Tuesday, August 18, 2015

Retirement and Charitable Remainder Trusts

I got a call from a potential client yesterday. Looking towards retirement he said "tax optimization" is his goal and he seems to believe that setting up a charitable remainder trust (CRT) is the way to achieve that. Unfortunately, he caught me off guard with some terminology from some online stuff he had been reading so I probably won't be gaining him as a client.

Also unfortunately, for him, based on his readings on the Internet he strongly believes that the distributions a donor receives from a charitable remainder trust are tax free. There are exceptions but having them apply is rare. In general, distributions from a CRT are taxable to the recipient. Technically, the nature of the income earned by the trust determines the taxability of the distribution. First, all the ordinary income (taxable at ordinary rates) is deemed to comprise the distribution, then any capital gains and finally any tax exempt income.

Example 1: Suppose a CRT starts with $100,000 of assets and earns a total of $9,000 during the year composed of $4,000 of ordinary income, $3,000 of long term capital gains and $2,000 of tax exempt interest.
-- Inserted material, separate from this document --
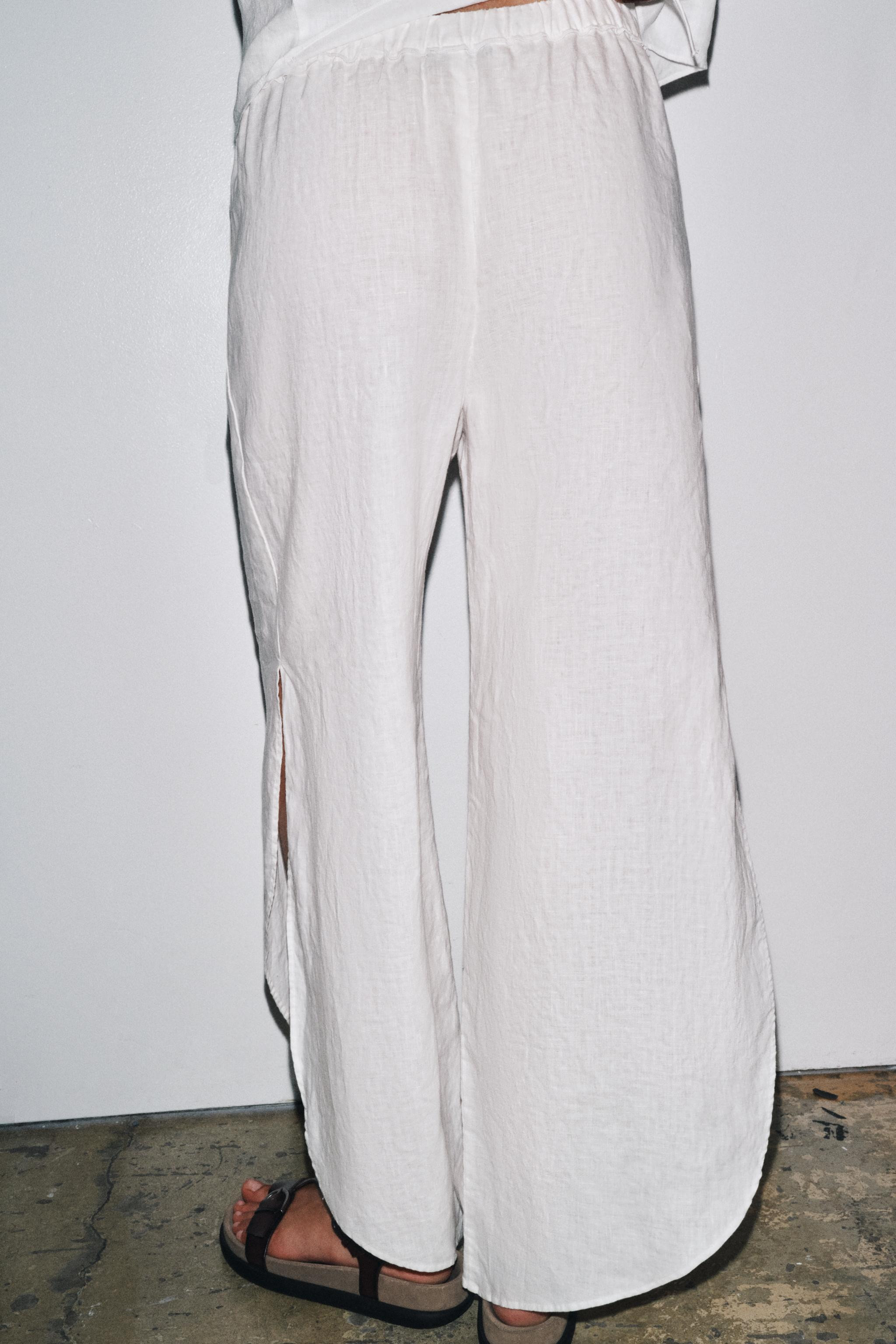 ZW COLLECTION LINEN PANTS WITH VENTS | Zara US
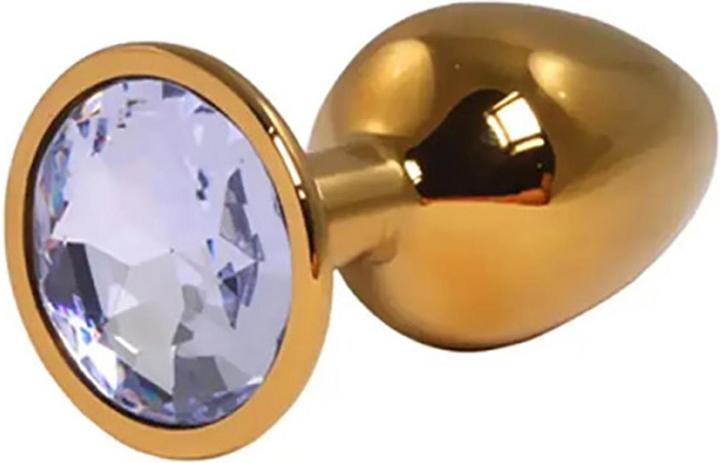 Boys Of Toys Goldener kleiner Analplug mit weissem Diamanten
Let's assume the distributions are $5,000 per year. The ordinary income is deemed to be distributed first, then the long term capital gains, then the exempt interest. So our donor/taxpayer has $4,000 of ordinary income, $1,000 of long term capital gains and $0 of tax exempt interest.

Example 2: The CRT starts with $100,000 of assets and somehow manages to earn $5,000 of tax exempt interest. Now the $5,000 distribution is tax exempt to the recipient.

A problem is, in today's economy, it's somewhere between difficult and impossible to earn 5% or more on an investment in state and local bonds (the securities that generate tax exempt interest income) without taking extraordinary risks. On top of that, the trustee will be attempting to maximize the remainder interest (for the benefit of the charity) which is not conducive to investments in low interest bonds. Remember, the CRT isn't paying income taxes so the trustee has zero incentive to make investments that generate tax exempt income.

I regret not making a better impression on my caller for two reasons. First, I'm almost certainly not getting him as a client. Second, he's liable to make an irreversible decision based on his misinformation, something that would be avoided if he had me as his CPA.

Takeaway for me: Be ready for anything, particularly jargon created for use in sales pitches.

Takeaway for you: Don't believe everything you read on the Internet, especially about finances and taxes.

Caveat: The rules regarding charitable remainder trusts are way more complex and arcane than covered in this post. Don't even think about creating one for your favorite charitable organization until you've consulted with a tax professional, ONE WHO DOESN"T CARE WHETHER YOU CREATE A CRT OR NOT.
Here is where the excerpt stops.